§ **WHAT THIS TASK INVOLVES**: Could every line below be transcribed exactly, with the pictures dropped?

──────── PROVIDED RECORDS

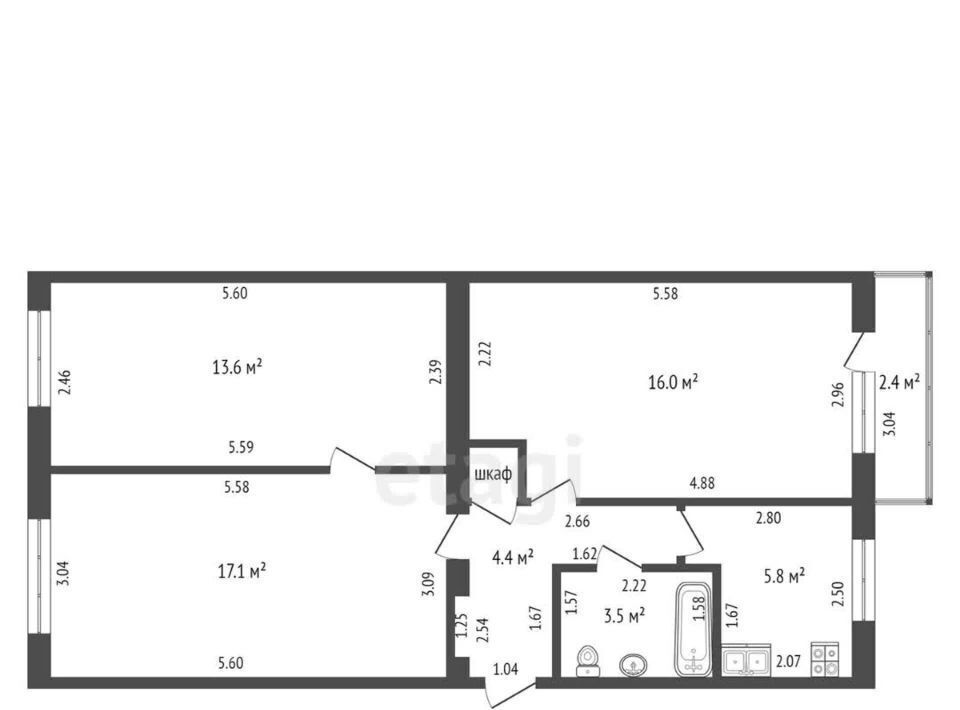 квартира г Тамбов р-н Октябрьский б-р Энтузиастов 1в фото 20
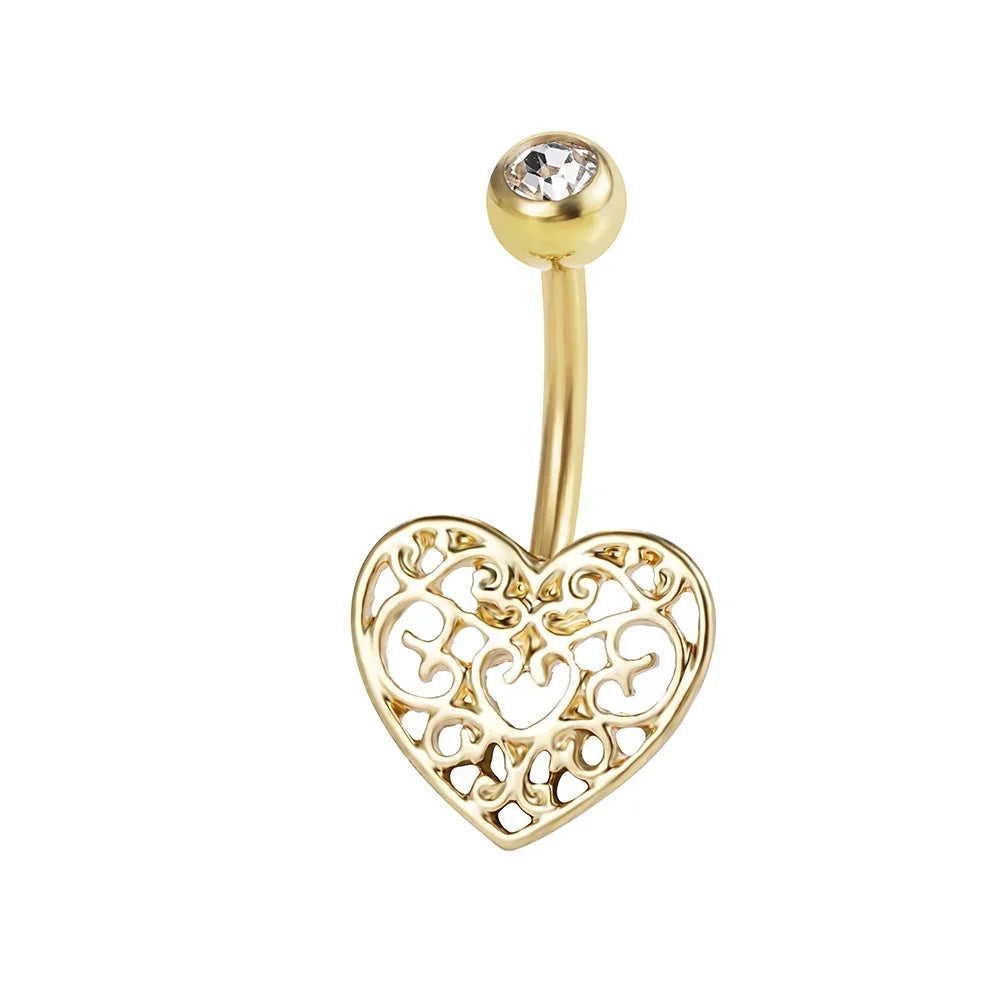 316L Surgical Steel Belly Button Piercing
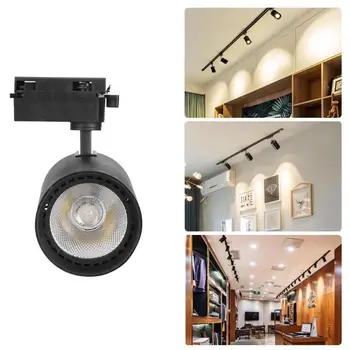 

2PCS/set 30W 4000K Commercial COB LED Track Spot Light Track Rail Lamp for Shopping Mall Shop Window Display CE RoHS Approval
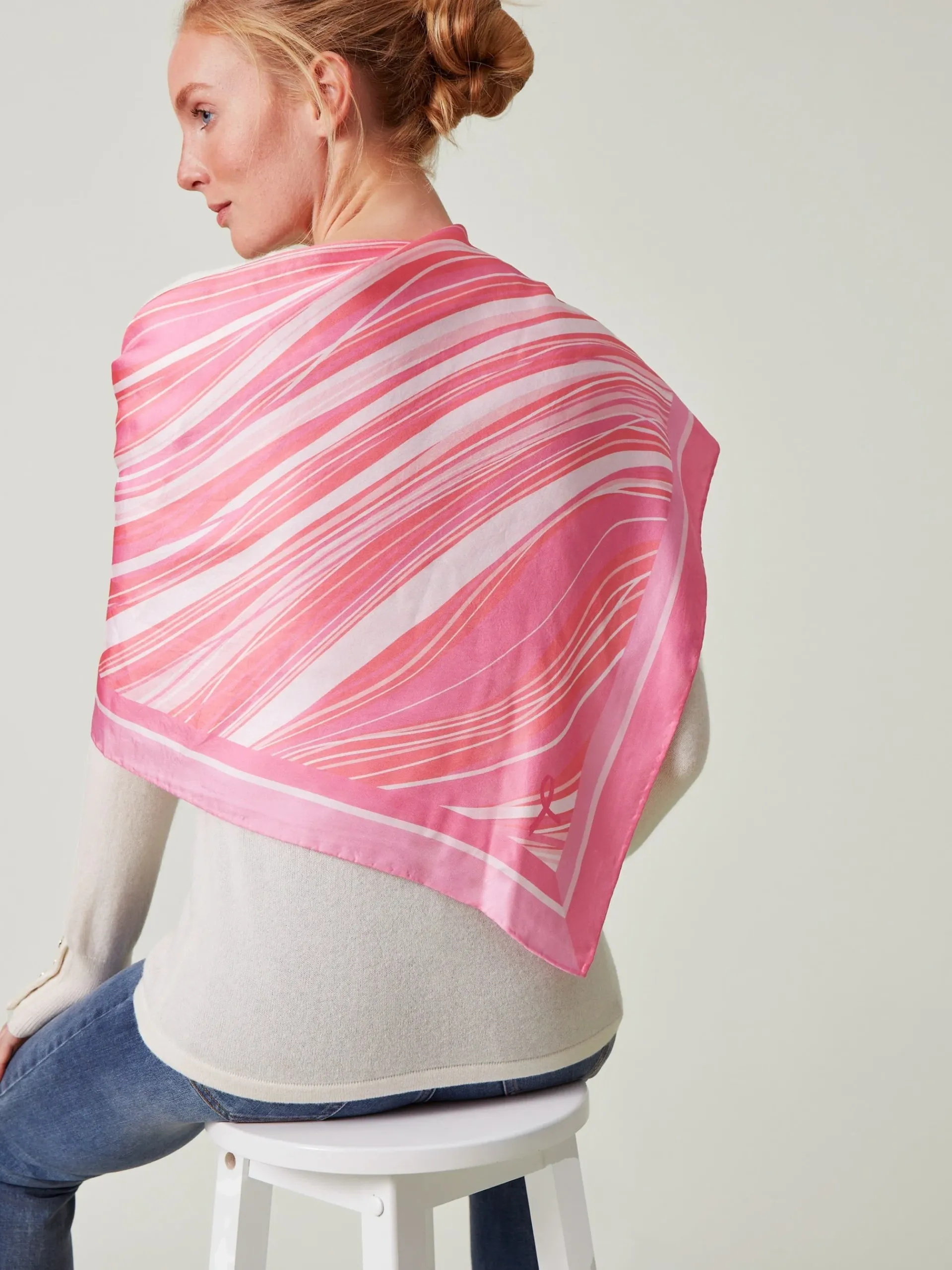 J.McLaughlin Mabel Silk Scarf In Weaver Square-Women Shoes & Accessories|Scarves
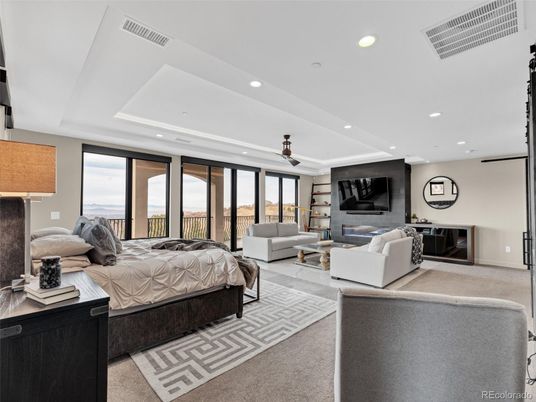 Bedroom, Interior, Living room, Recessed Lighting
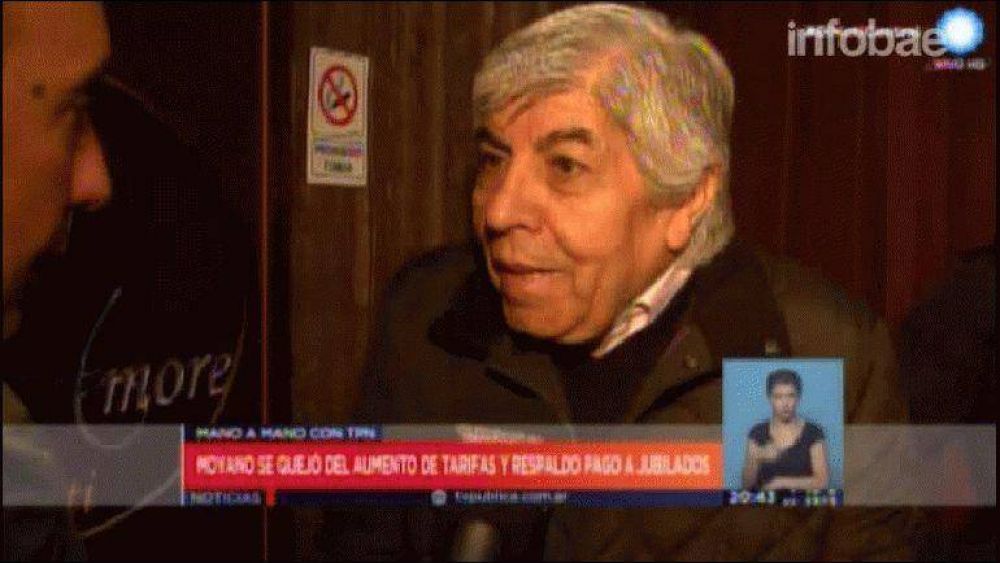 Hugo Moyano advirti� al Gobierno: 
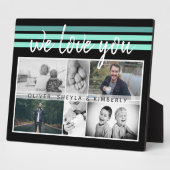 私たちはあなたを愛するブラックスクリプトファミリー6 Photo Collage フォトプラーク (側面)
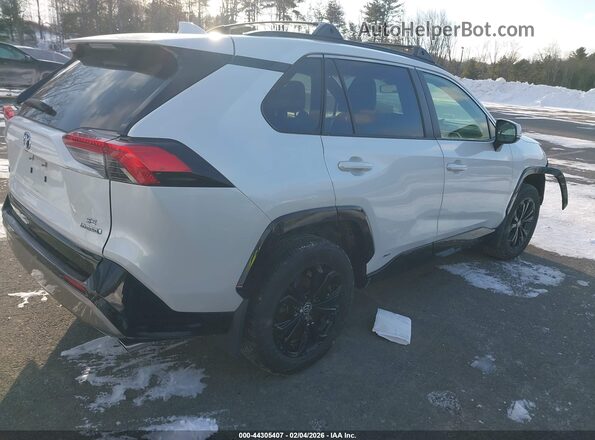 JTM16RFV5PD540781 2023 TOYOTA RAV4 HYBRID White Задня права чверть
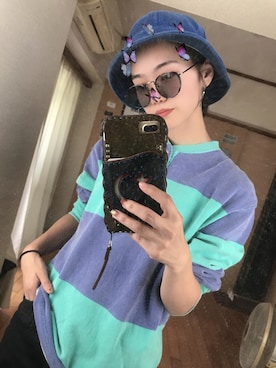「ojaga design（オジャガデザイン）のアイテム（財布/小物）」を使った、みくみくはらりらさん（レディース・154cm）の秋コーディネート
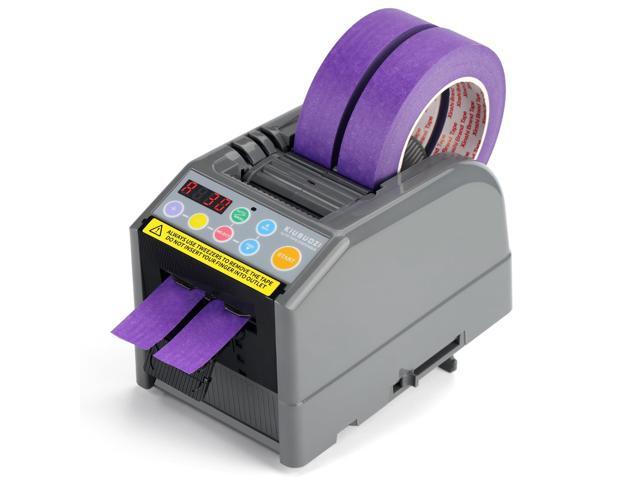 Automatic Ribbon Cutting Machine, Automatic Tape Dispenser,Tape Width 6-60mm,Length 5-999mm Double-Sided Tape, Adhesive Cutter with Manual & Auto.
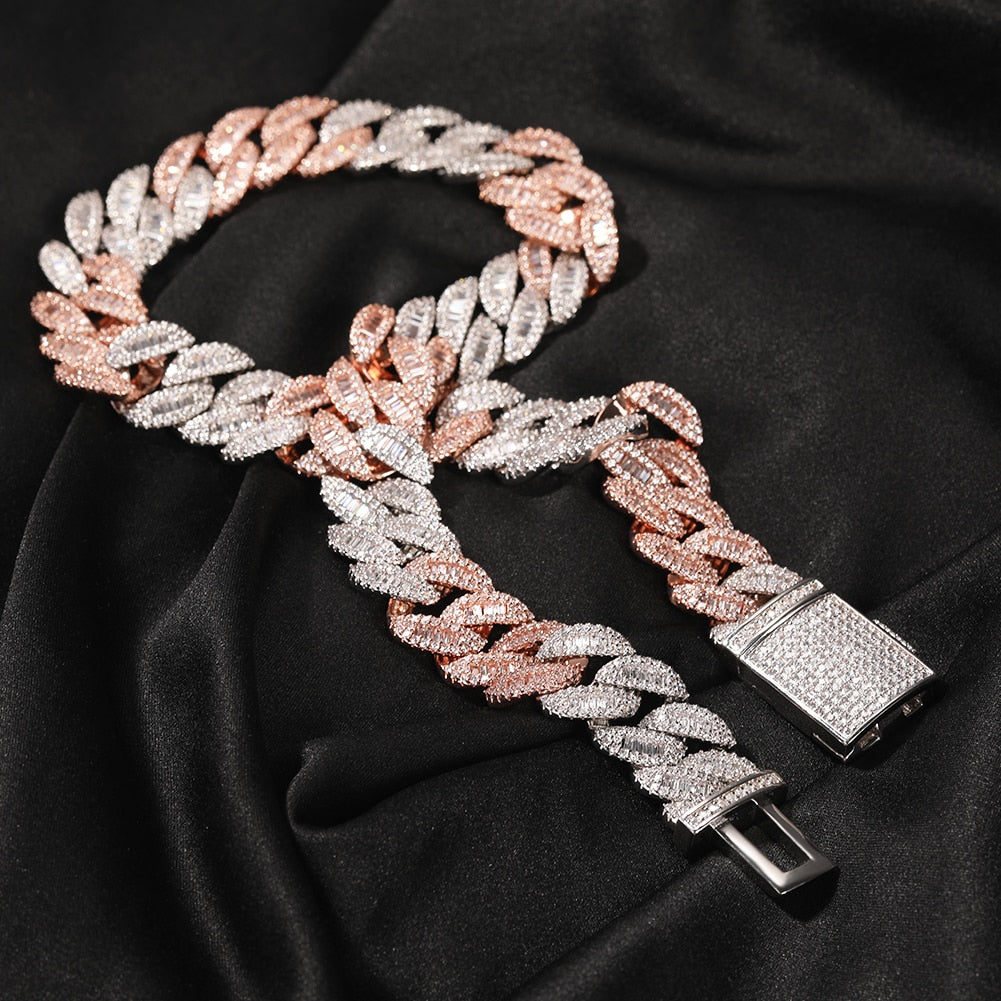 THE BLING KING Moon Square Buckle Zirconia Tennis Lovely Top Quality Hiphop Necklace Luxury Full Iced Out CZ Jewelry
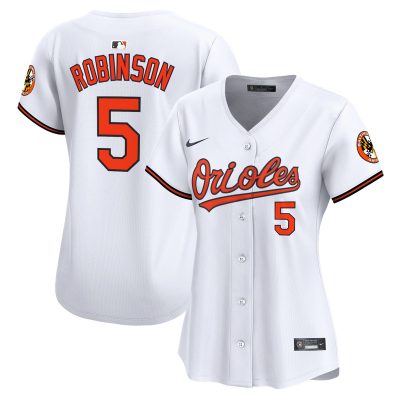 Women's Baltimore Orioles 2026 Vapor Premier Stitched Jersey - White / Brooks Robinson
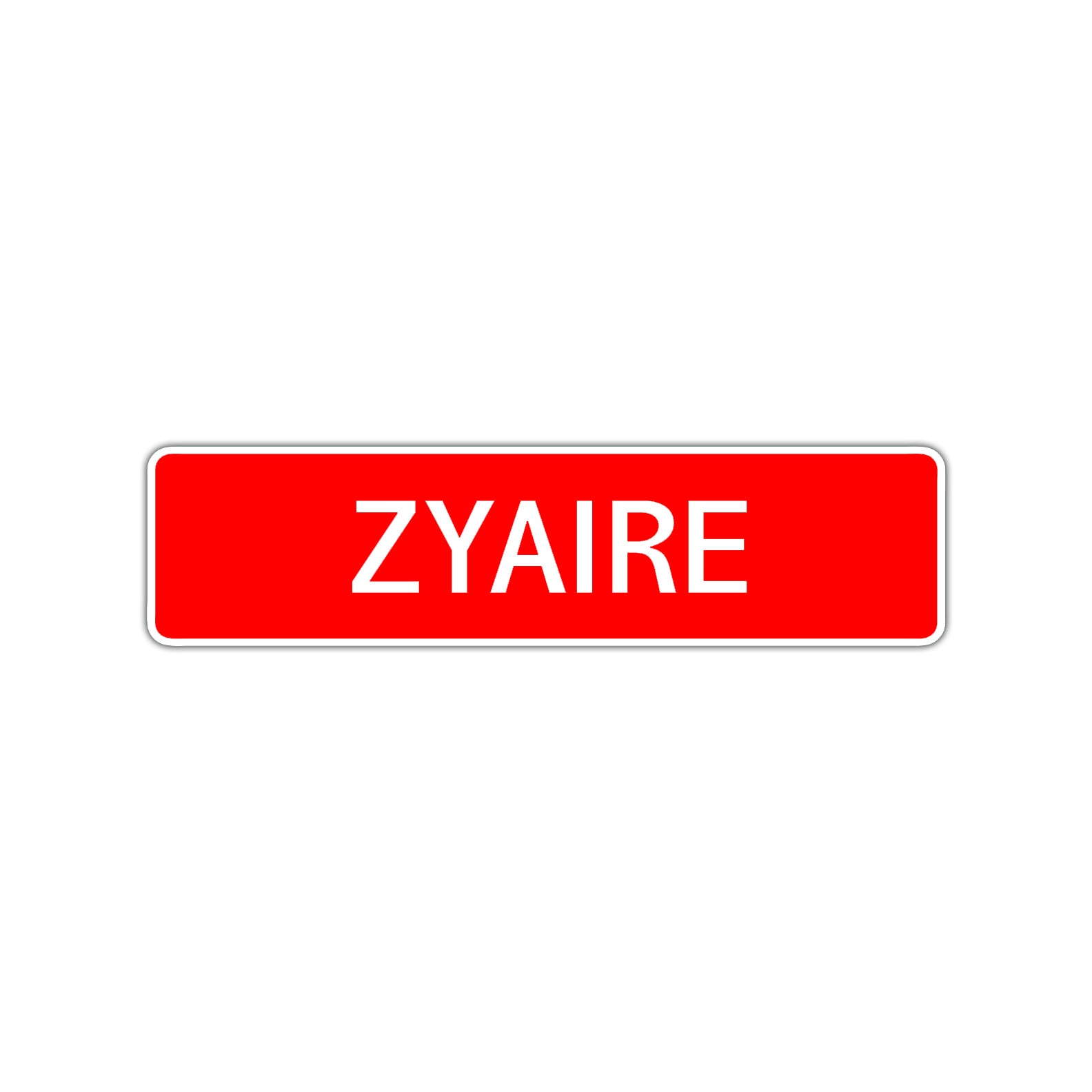 Zyaire Street Sign Children Name Room Plate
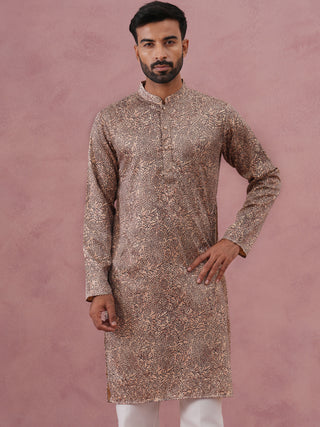 Men’s Thread Work & Printed Kurta Pyjama Set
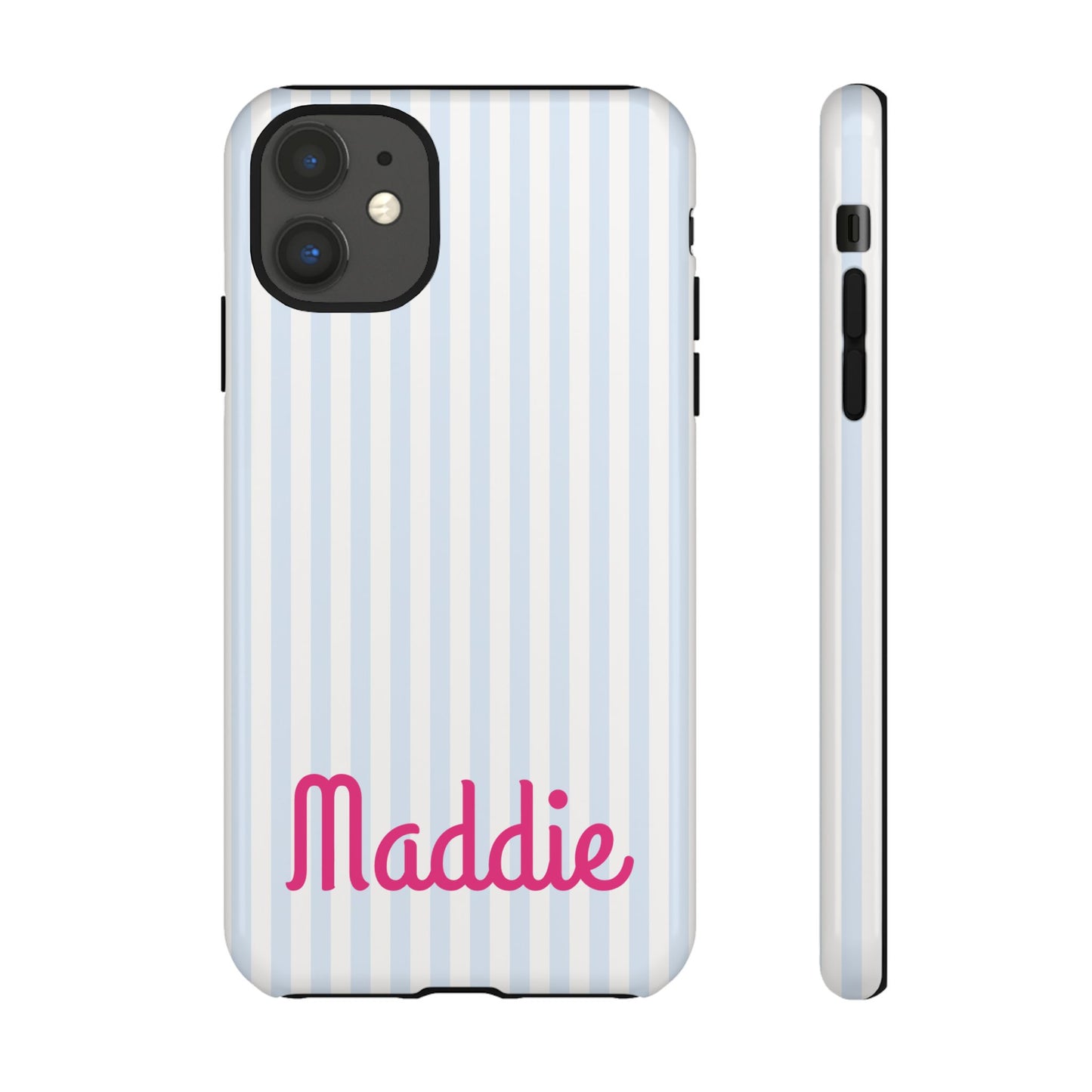 Personalized Phone Tough Cases - Blue Stripe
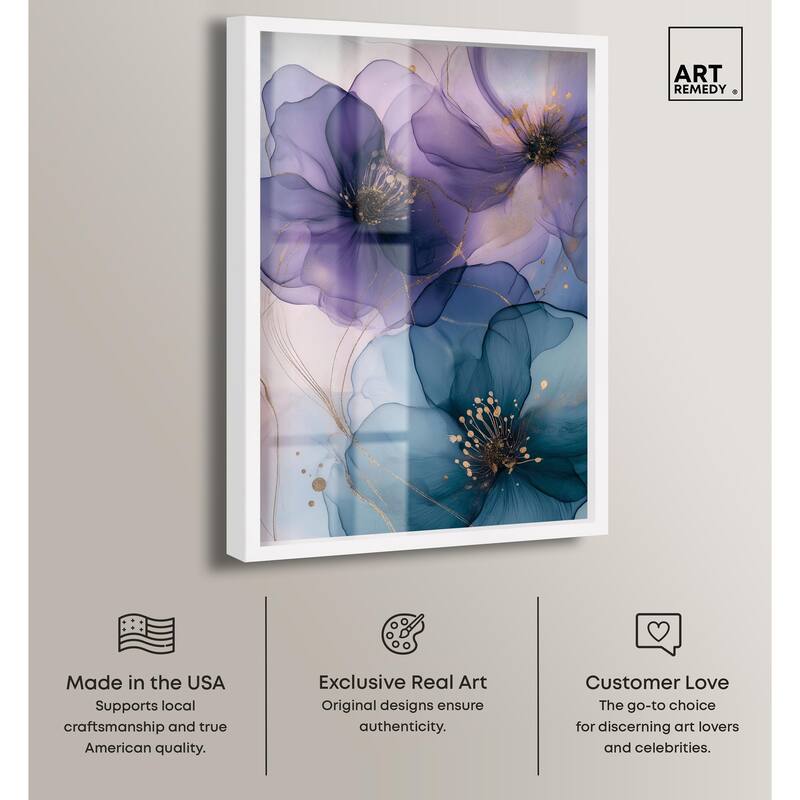 Gilded Cyanescence II Shadowbox by Art Remedy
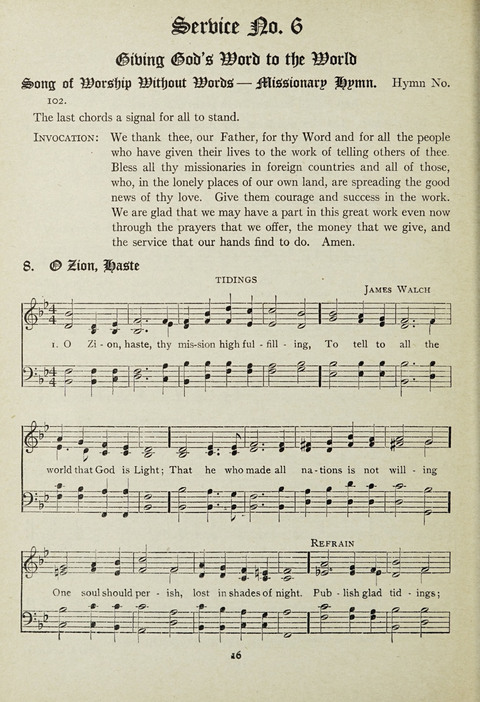 Services and Songs: for use in the Junior Department of the Church School page 16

────────────────

§ **TASK SOLUTION**:
 квартира г Тамбов р-н Октябрьский б-р Энтузиастов 1в фото 20
 316L Surgical Steel Belly Button Piercing

2PCS/set 30W 4000K Commercial COB LED Track Spot Light Track Rail Lamp for Shopping Mall Shop Window Display CE RoHS Approval
 J.McLaughlin Mabel Silk Scarf In Weaver Square-Women Shoes & Accessories|Scarves
 Bedroom, Interior, Living room, Recessed Lighting
 Hugo Moyano advirti� al Gobierno: 
 私たちはあなたを愛するブラックスクリプトファミリー6 Photo Collage フォトプラーク (側面)
 JTM16RFV5PD540781 2023 TOYOTA RAV4 HYBRID White Задня права чверть
「ojaga design（オジャガデザイン）のアイテム（財布/小物）」を使った、みくみくはらりらさん（レディース・154cm）の秋コーディネート
 Automatic Ribbon Cutting Machine, Automatic Tape Dispenser,Tape Width 6-60mm,Length 5-999mm Double-Sided Tape, Adhesive Cutter with Manual & Auto.
 THE BLING KING Moon Square Buckle Zirconia Tennis Lovely Top Quality Hiphop Necklace Luxury Full Iced Out CZ Jewelry
 Women's Baltimore Orioles 2026 Vapor Premier Stitched Jersey - White / Brooks Robinson
 Zyaire Street Sign Children Name Room Plate
 Men’s Thread Work & Printed Kurta Pyjama Set
 Personalized Phone Tough Cases - Blue Stripe
 Gilded Cyanescence II Shadowbox by Art Remedy
 Services and Songs: for use in the Junior Department of the Church School page 16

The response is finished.